During a commercial, she told him that he had inspired her to get rid of one of her mansions. “I wish she would have said it on camera.”

Shafer went on to describe design in a language I had not heard at the Jamboree—or anywhere. “Integrity is my word for God,” he said. It was wrong to conceal structural elements or disguise materials, and purely ornamental features were like a comb-over. Both attempted to convince us that the homeowner (or the hair owner) felt secure but of course revealed insecurity. “My best designs come only when my ego gets out of the way, when the higher power flows through me.” He had a sense of humor about it all, too. “I spent weeks trying to design a dining table that would convert into a coffee table. Finally, I figured out that all I had to do was turn the thing on its side.”

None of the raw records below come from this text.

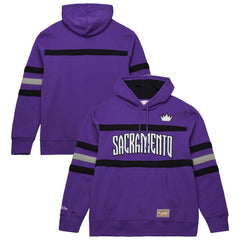Sacramento Kings Hardwood Classics Nights Head Coach Pullover Hoodie - Purple | Mitchell & Ness on sale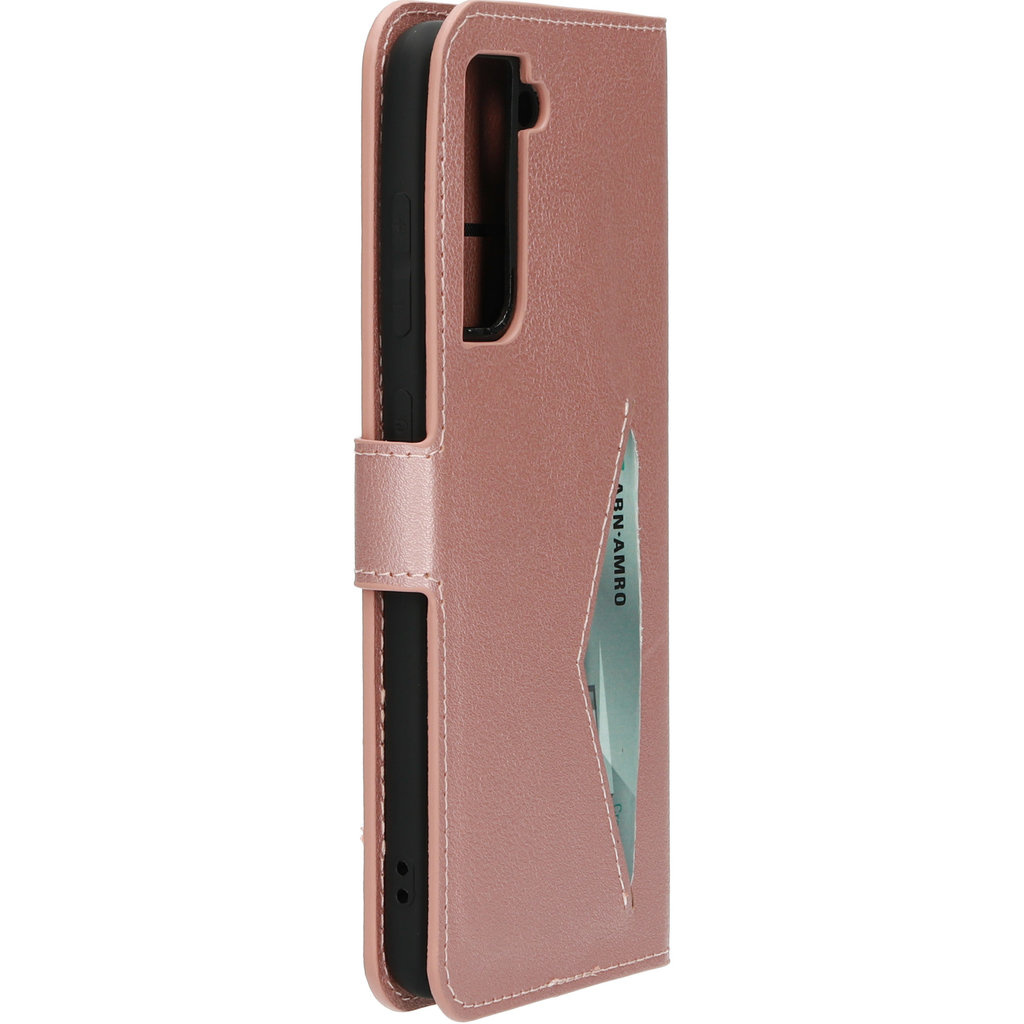 Mobiparts Mobiparts Classic Wallet Case voor Samsung Galaxy S21 FE - Roze
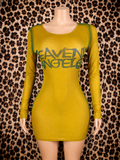 HEAVENLY Sheer Mini Dress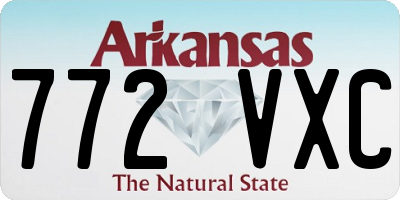 AR license plate 772VXC
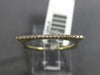 ESTATE .09CT ROUND DIAMOND 14KT YELLOW GOLD 3D CLASSIC PAVE BAR SQUARE FUN RING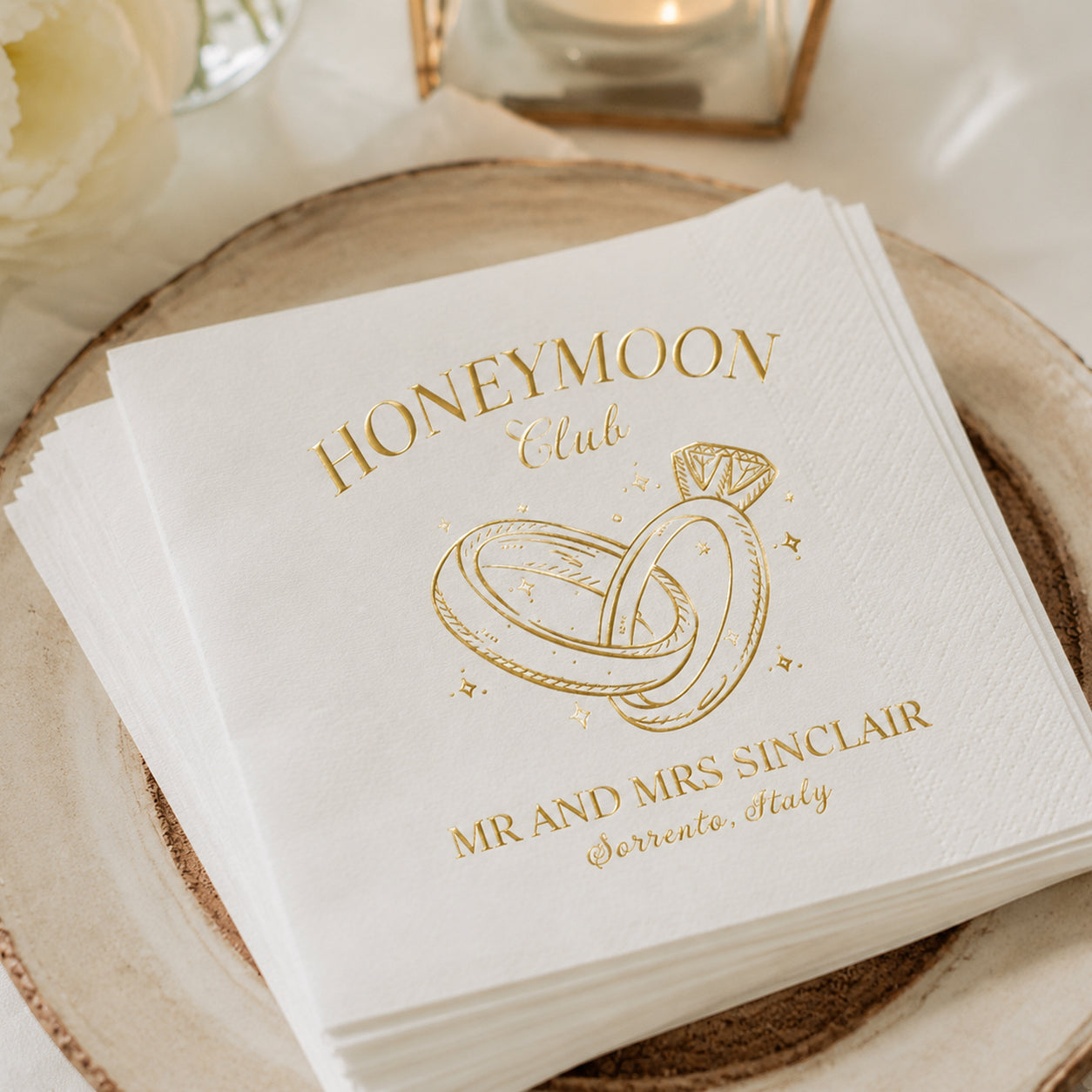 Custom Foil Stamped Napkins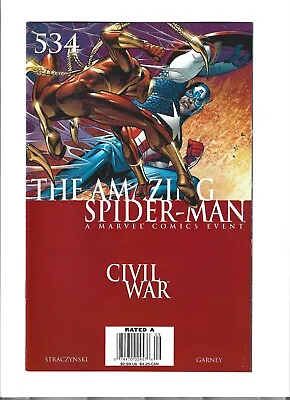 Buy Amazing Spider-Man #534 Newsstand 2,510 Print Run Civil War 2006 Marvel Comics • 32.17£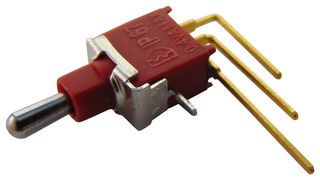 MULTICOMP PRO 2AS4T2A1M7RE Toggle Switch, (On)-Off-(On), SPDT, Non Illuminated, 2AS4, Through Hole, 100 mA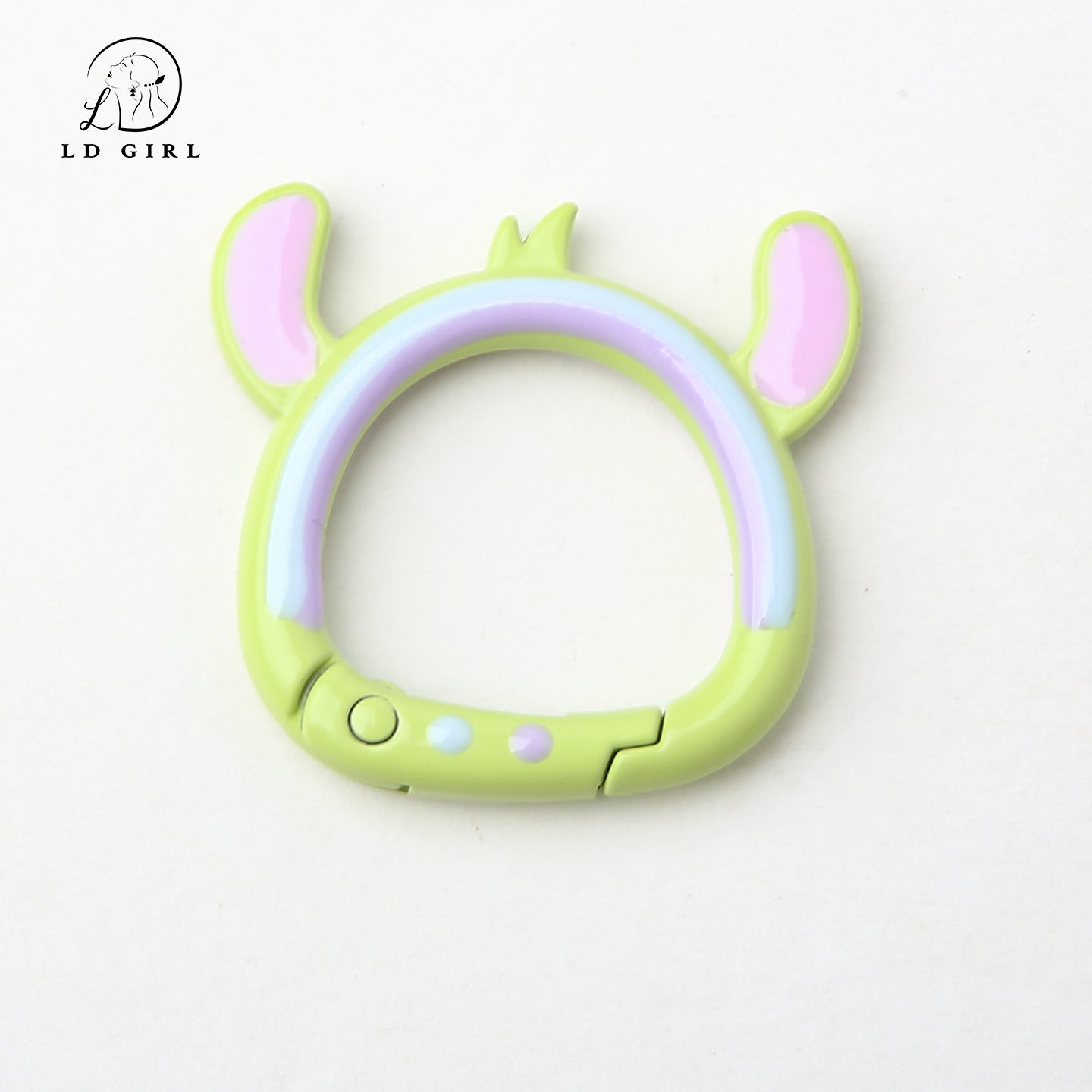 A small boy head spring buckle DIY handmade accessories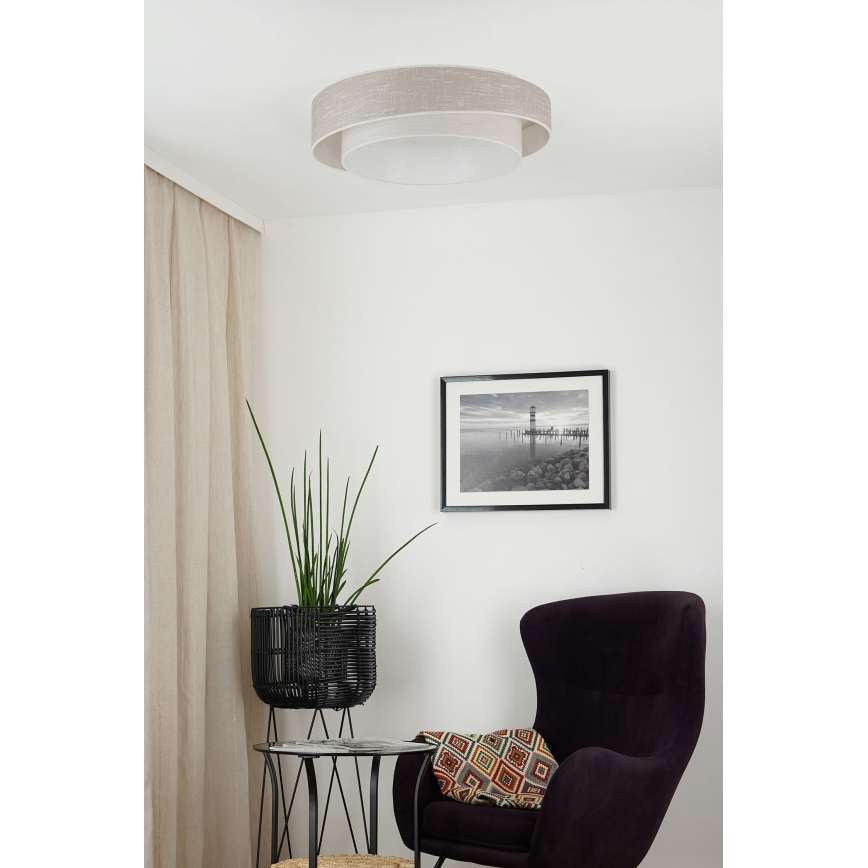 Brilagi - LED Plafon ściemnialny DOVER SHINE LED/24W/230V 3000/4000/6500K szary/kremowy + pilot zdalnego sterowania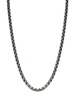 Black Rhodium Plated Sterling Silver Box Chain Necklace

He described himself as a “meaning addict,” always looking for higher significance in material objects. “A gate in a picket fence that opens onto a narrow path that leads through a yard to an open porch that covers a door,” he said, “is a set of symbols we recognize as signposts guiding us through increasingly private territory toward the threshold of someone’s clandestine world.”

I finally got it. I had not understood why Williams’s house felt so authentic while so many of the blocks on wheels felt awkward or false. This subculture, although it seemed to be about nifty gadgets and Murphy beds, was at its heart the expression of our longing to find our place in the universe, to become as beautiful and functional as nature itself.